▶ What you should do
Repeat the data word for word and skip the pictures.
-------
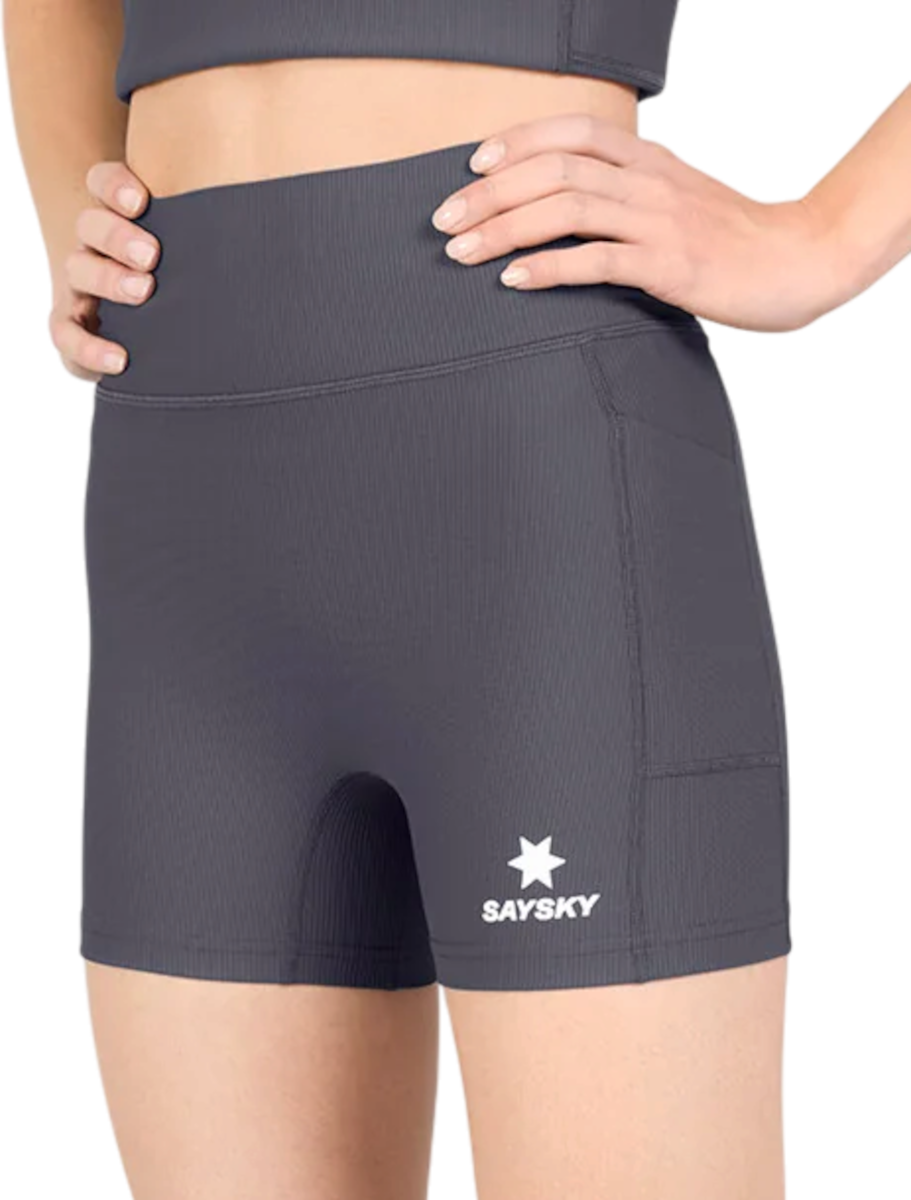 Saysky Combat+ 4inch Korte broeken, S, Grijs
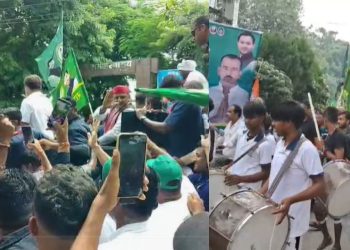 सारण जिले में पहुंची राहुल-तेजस्वी-अखिलेश यादव की वोटर अधिकार यात्रा.. बैंड बाजे से हुआ स्वागत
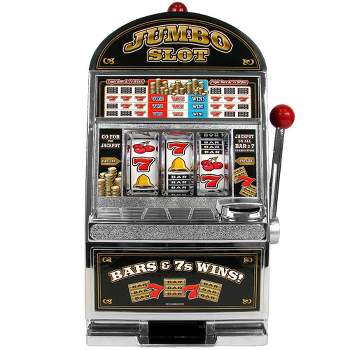 Trademark Poker Jumbo Casino Slot Machine Bank - Chrome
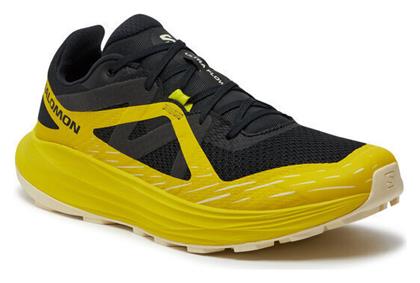 Salomon Ultra Flow Ανδρικά Αθλητικά Παπούτσια Trail Running Black / Sulphur Spring / Transparent Yellow από το MybrandShoes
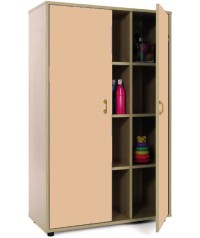 Armario medio 40x90x147 cm: 2 puertas con 12 huecos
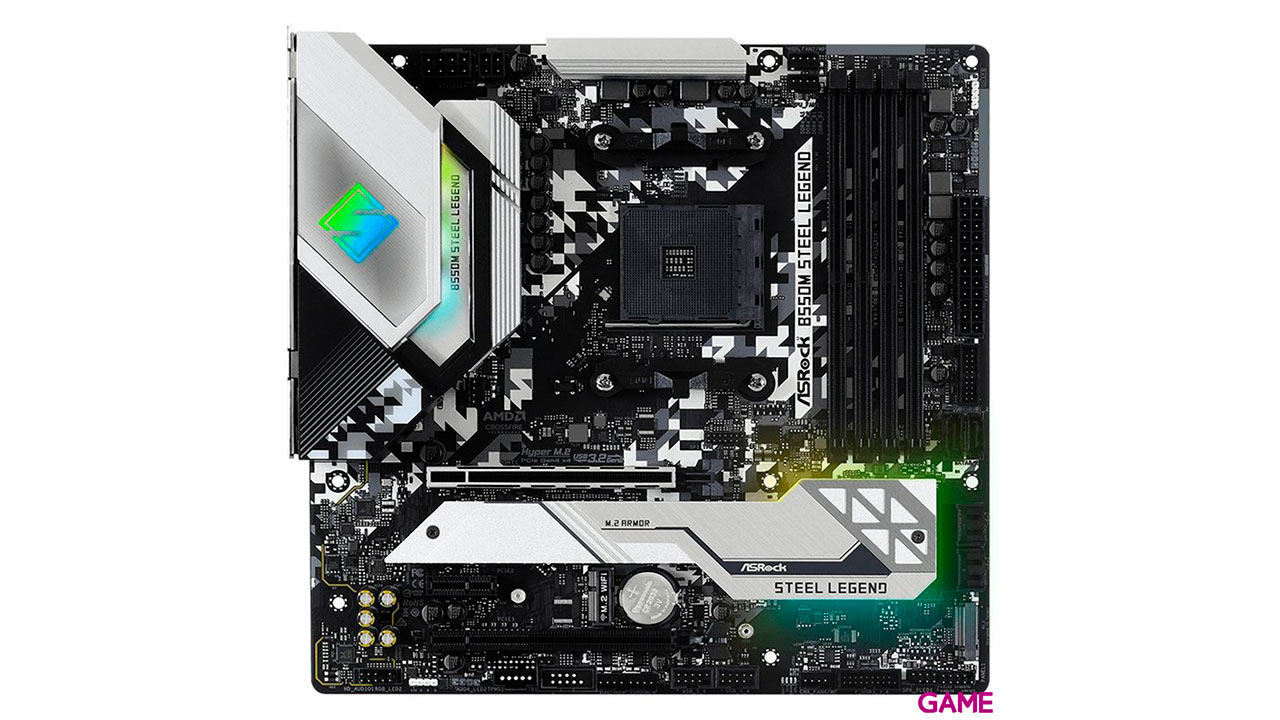 ASRock B550M Steel Legend Zocalo AM4 Micro ATX AMD B550 - Placa Base-2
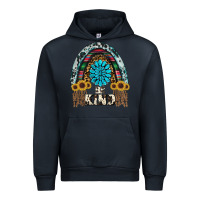 Navy western rainbow  be kind Urban Hoodie - RanaPortraitStore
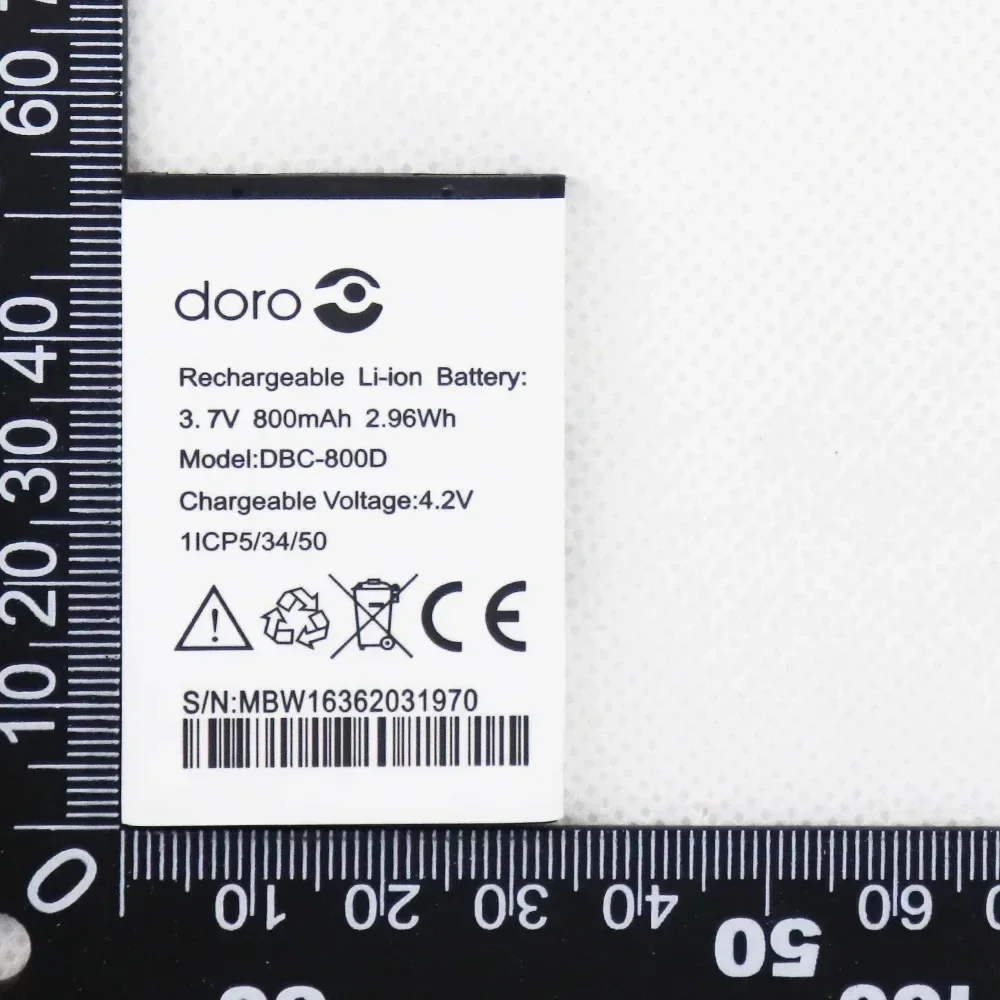 3.7V 800mAh DBC-800D Bateria do Doro 500 506 508 509 510 515 6520 6030 Baterie do routerów bezprzewodowych Prawdziwa pojemność 100% — zdjęcie produktu 2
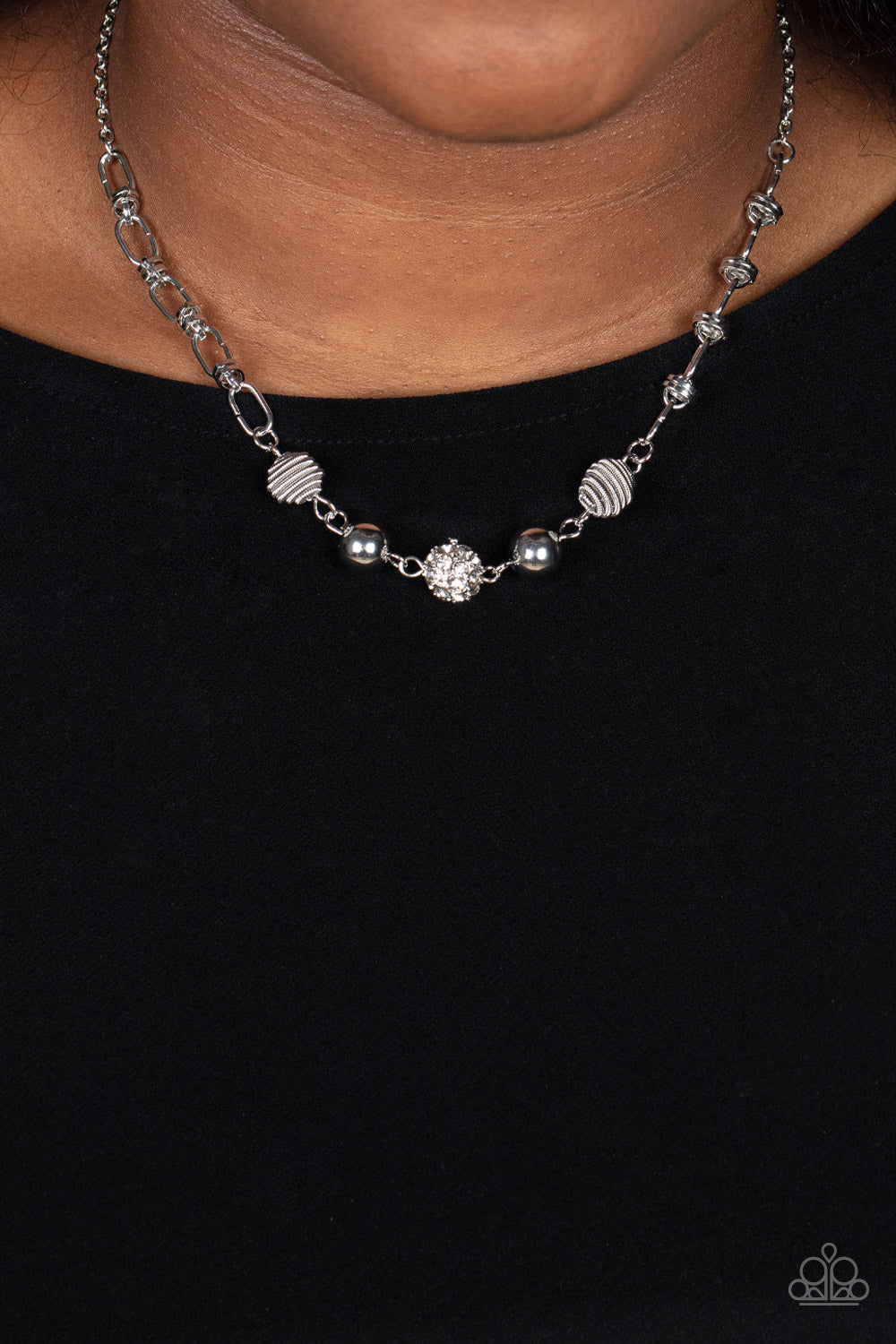 Taunting Twinkle - Silver Necklace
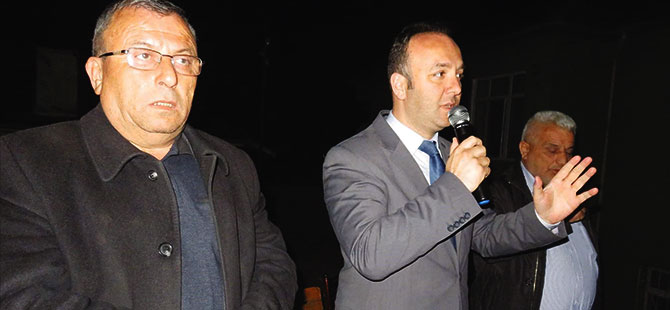 AKCAGÖZ, SALIPAZARI VE BAFRA'DA KONUŞTU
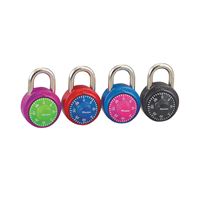 Master Lock 1530DCM Padlock, 9/32 in Dia Shackle, 3/4 in H Shackle, Steel Shackle, Steel Body, Anodized Aluminum 4 Pack 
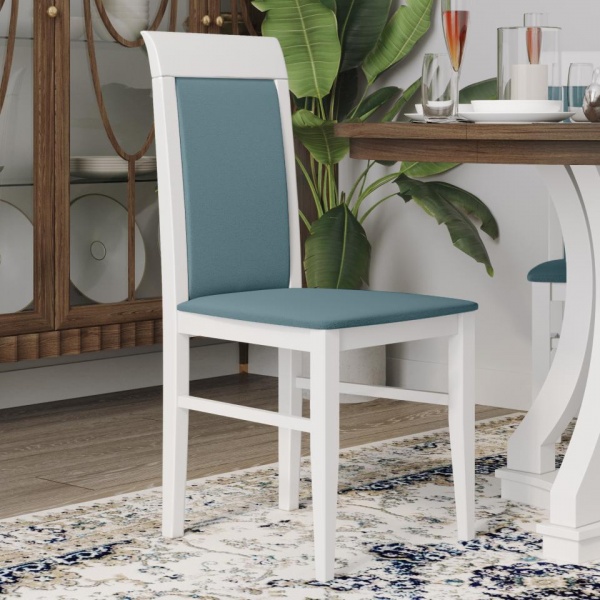 Стул Алла Эмаль белая / Velutto 53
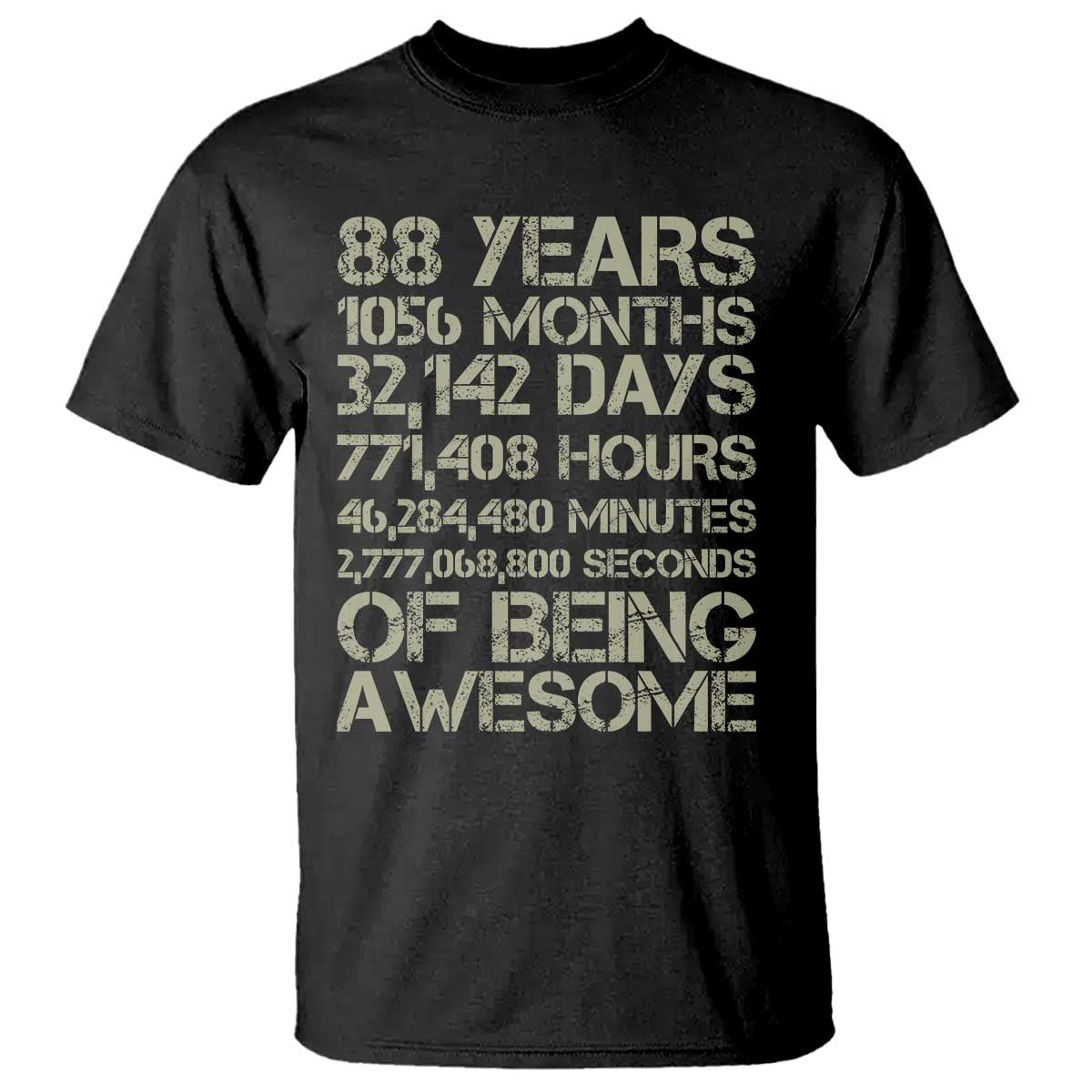 Vintage 88th Milestone Birthday T Shirt 88 Years Of Being Awesome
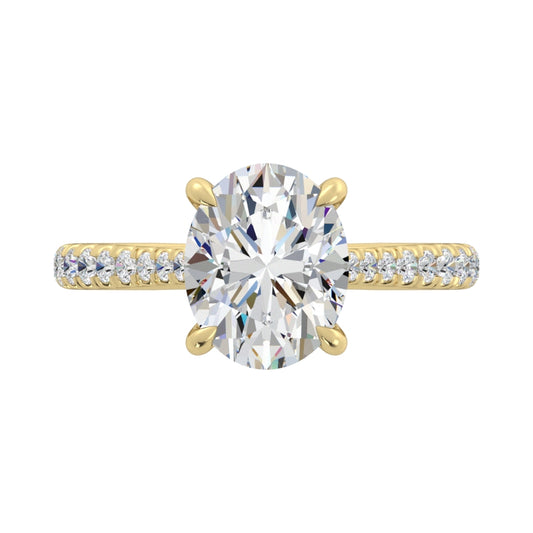 Cathedral Diamond Ring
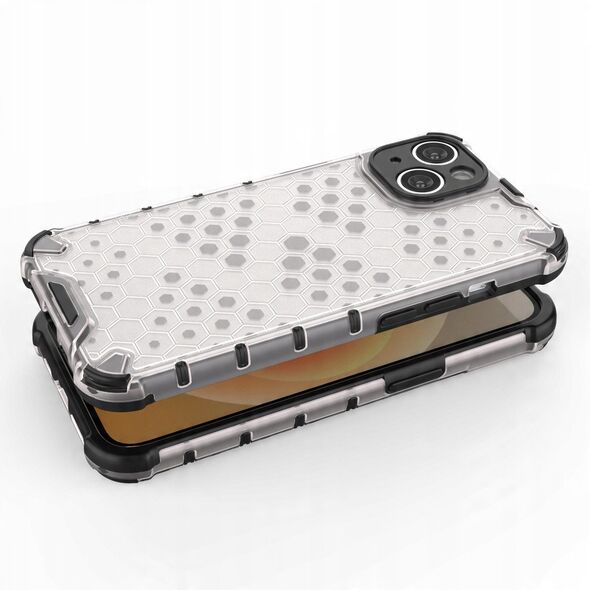 Θήκη Honeycomb iPhone 14 Plus θωρακισμένη υβριδική μαύρη θήκη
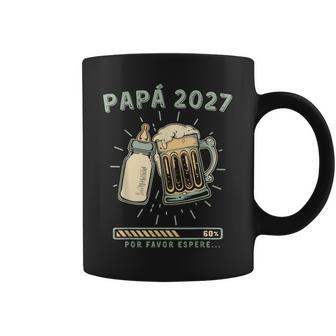 Futuro Papá 2027 Anuncio Papá Bebe En Camino Taza de café - Regaloses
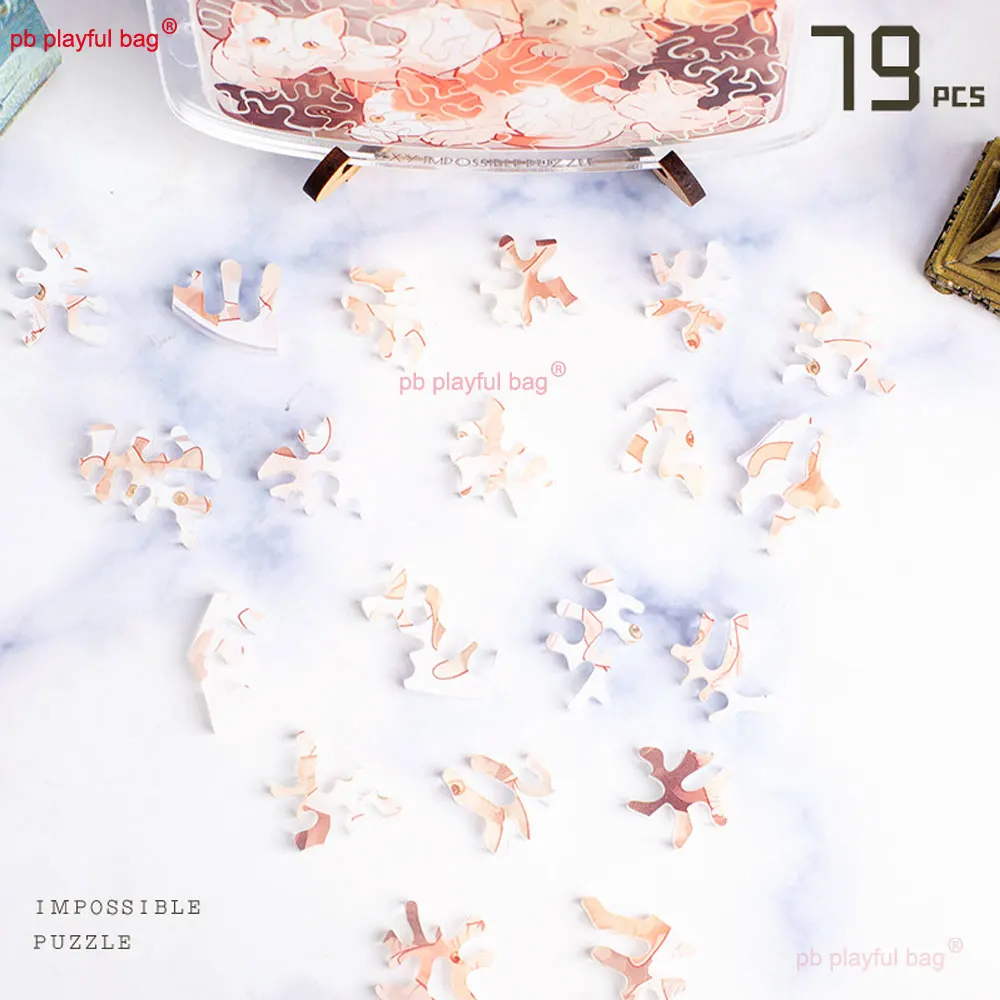 Плоская головоломка с рисунком кота бутылка желаний детские рождественские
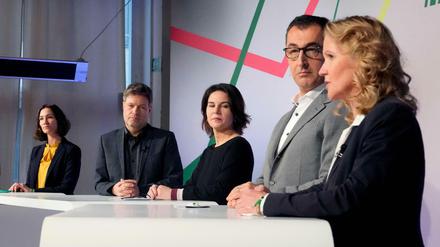 Die Ministerriege der Grünen.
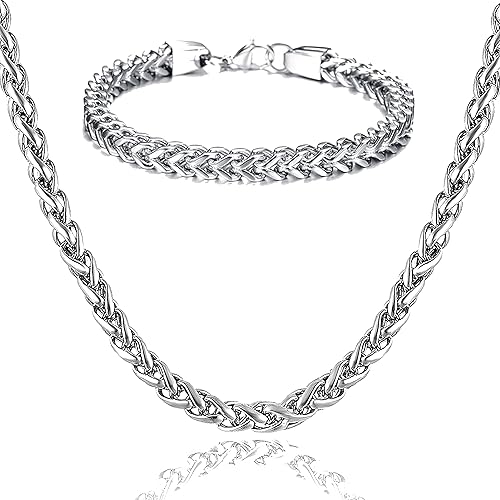 Fashion Frill Silver Chain For Men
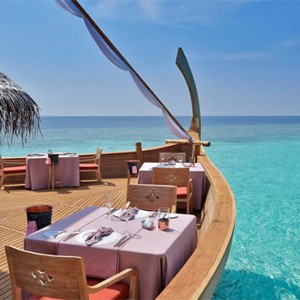 ba theli restaurant2 - Milaidhoo Island Maldives - Luxury Maldives Honeymoons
-------
▶ Finished task
 Saysky Combat+ 4inch Korte broeken, S, Grijs
 सारण जिले में पहुंची राहुल-तेजस्वी-अखिलेश यादव की वोटर अधिकार यात्रा.. बैंड बाजे से हुआ स्वागत
 Trademark Poker Jumbo Casino Slot Machine Bank - Chrome
 Salomon Ultra Flow Ανδρικά Αθλητικά Παπούτσια Trail Running Black / Sulphur Spring / Transparent Yellow από το MybrandShoes
 Armario medio 40x90x147 cm: 2 puertas con 12 huecos
 ASRock B550M Steel Legend Zocalo AM4 Micro ATX AMD B550 - Placa Base-2
 Navy western rainbow  be kind Urban Hoodie - RanaPortraitStore
 3.7V 800mAh DBC-800D Bateria do Doro 500 506 508 509 510 515 6520 6030 Baterie do routerów bezprzewodowych Prawdziwa pojemność 100% — zdjęcie produktu 2
 Taunting Twinkle - Silver Necklace
 AKCAGÖZ, SALIPAZARI VE BAFRA'DA KONUŞTU
 Master Lock 1530DCM Padlock, 9/32 in Dia Shackle, 3/4 in H Shackle, Steel Shackle, Steel Body, Anodized Aluminum 4 Pack 
 Стул Алла Эмаль белая / Velutto 53
 Vintage 88th Milestone Birthday T Shirt 88 Years Of Being Awesome
 Cathedral Diamond Ring
 Θήκη Honeycomb iPhone 14 Plus θωρακισμένη υβριδική μαύρη θήκη
 Futuro Papá 2027 Anuncio Papá Bebe En Camino Taza de café - Regaloses
 Плоская головоломка с рисунком кота бутылка желаний детские рождественские
 Die Ministerriege der Grünen.
 Fashion Frill Silver Chain For Men
 ba theli restaurant2 - Milaidhoo Island Maldives - Luxury Maldives Honeymoons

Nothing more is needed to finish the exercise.